Strategic Voting and Coalitions
Created on 2023-05-19T21:00:49-05:00
Its archives show that “the voters found how to manipulate the Borda rule: not only by putting their most dangerous rival at the bottom of their lists, but also by truncating their lists”
I don't understand how putting your enemy at the bottom is manipulation. You, ostensibly, really don't want your diametrically opposed enemy winning. Truncating the lists though probaby affects point assignment.
To achieve this end result deliberately, voter 1 must be aware of the preferences of all other voters, and of the workings of the electoral system.
Borda attempts to give equal weight to choices but the weight of each choice is dependent on the number of candidates on the ballot.

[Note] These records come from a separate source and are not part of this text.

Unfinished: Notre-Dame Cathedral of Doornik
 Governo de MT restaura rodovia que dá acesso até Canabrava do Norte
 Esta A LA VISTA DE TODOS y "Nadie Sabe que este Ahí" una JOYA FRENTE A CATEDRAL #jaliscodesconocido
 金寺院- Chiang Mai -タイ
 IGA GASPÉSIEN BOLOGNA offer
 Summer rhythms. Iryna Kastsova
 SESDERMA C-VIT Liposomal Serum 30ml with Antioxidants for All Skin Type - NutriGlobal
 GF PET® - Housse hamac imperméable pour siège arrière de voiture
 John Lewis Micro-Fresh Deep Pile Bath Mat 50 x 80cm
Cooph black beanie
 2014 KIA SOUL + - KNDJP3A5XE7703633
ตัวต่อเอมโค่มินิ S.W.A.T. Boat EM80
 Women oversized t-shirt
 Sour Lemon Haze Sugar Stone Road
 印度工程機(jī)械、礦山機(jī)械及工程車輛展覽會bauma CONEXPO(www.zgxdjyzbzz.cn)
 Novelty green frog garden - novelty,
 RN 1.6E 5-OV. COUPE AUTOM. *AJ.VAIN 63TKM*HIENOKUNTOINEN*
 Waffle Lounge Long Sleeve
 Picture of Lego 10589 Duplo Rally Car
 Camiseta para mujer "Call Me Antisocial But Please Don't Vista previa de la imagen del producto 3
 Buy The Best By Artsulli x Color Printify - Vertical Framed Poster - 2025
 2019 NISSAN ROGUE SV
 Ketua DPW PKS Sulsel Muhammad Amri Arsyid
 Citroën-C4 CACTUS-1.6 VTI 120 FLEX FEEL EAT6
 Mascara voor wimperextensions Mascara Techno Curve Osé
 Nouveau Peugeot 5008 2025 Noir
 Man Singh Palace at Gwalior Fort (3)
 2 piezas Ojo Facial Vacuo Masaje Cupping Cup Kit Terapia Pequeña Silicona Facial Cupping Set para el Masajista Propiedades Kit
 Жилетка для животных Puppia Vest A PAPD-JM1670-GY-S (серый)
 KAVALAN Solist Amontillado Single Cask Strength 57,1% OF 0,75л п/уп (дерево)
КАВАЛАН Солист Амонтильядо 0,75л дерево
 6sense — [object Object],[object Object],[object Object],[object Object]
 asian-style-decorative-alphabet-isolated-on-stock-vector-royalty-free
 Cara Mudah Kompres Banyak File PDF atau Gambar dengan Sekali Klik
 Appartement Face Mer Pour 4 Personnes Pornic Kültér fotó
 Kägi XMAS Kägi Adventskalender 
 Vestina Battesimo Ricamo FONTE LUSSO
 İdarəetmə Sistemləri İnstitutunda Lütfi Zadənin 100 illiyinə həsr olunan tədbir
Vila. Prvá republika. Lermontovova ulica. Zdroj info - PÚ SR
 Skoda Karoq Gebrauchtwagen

Dowdall assigns a weight of 1/P where P is the position in the ballot starting with 1.
Borda's weights form a linear descent of importance, while Dowdall weights form a 1/x descent. Relative importances are quashed and spread across the curve based on how many ballot options exist.
On average, the Dowdall rule gets a conflicting outcome to PBV only 4.9% of the time, as compared to 28.8% for the Borda Count, and a different outcome to SNTV in only 8% of cases as compared to 36.2% of the cases with the Borda Count.
Basically Borda has a linear scale which changes the distance from the highest and lowest candidates based on candidate count, while Dowdall's 1/x rule ensures the measurement distance from highest to lowest is always the same regardless of candidate count.